>>>>>

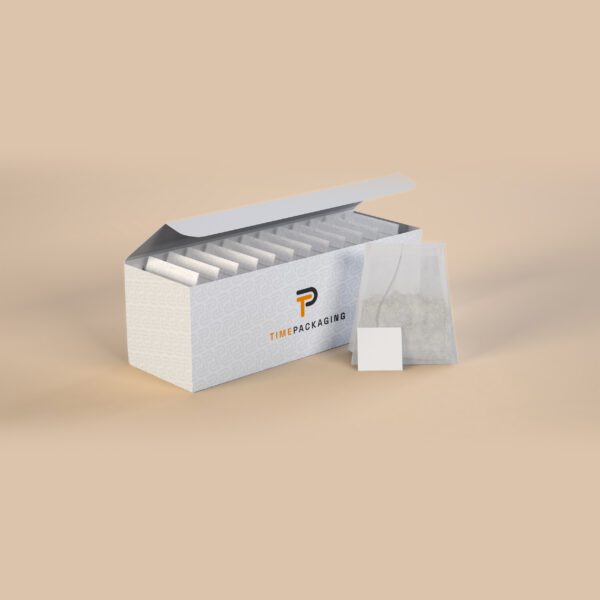 Tea Boxes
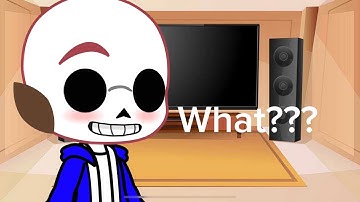 Sans aus react to “nec vs sans aus”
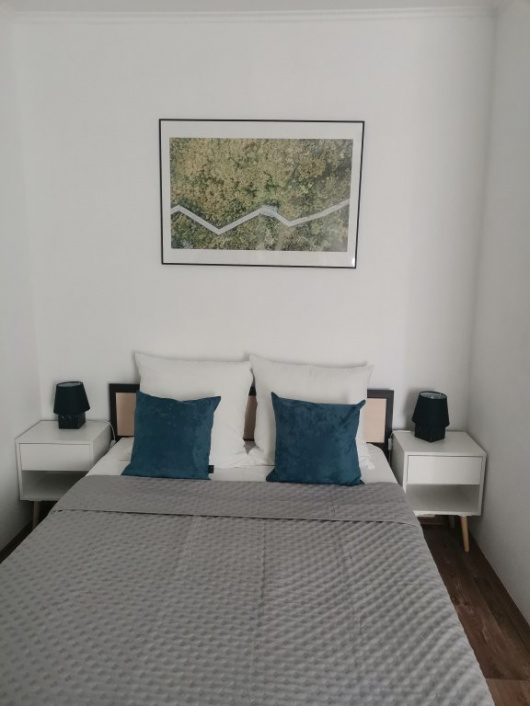 Фотографии квартиры
Апартаменты Зверева 4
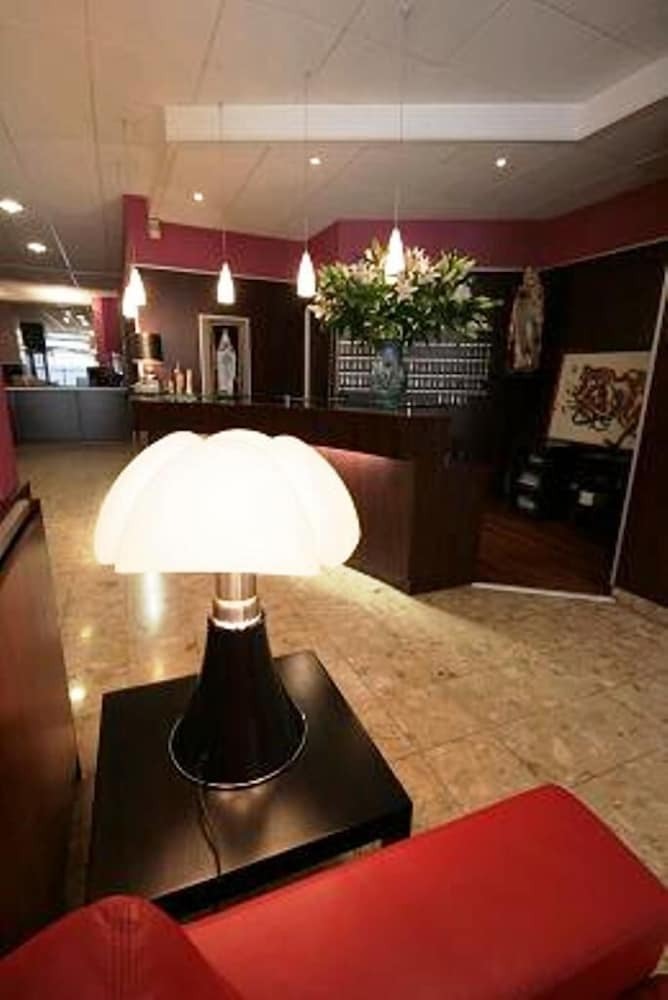 Hotel Albion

<<<<<

- [Requirement] Everything in the data above should be set down again exactly, except the pictures.

- [Your solution]
 Tea Boxes
 Sans aus react to “nec vs sans aus”
 Фотографии квартиры
Апартаменты Зверева 4
 Hotel Albion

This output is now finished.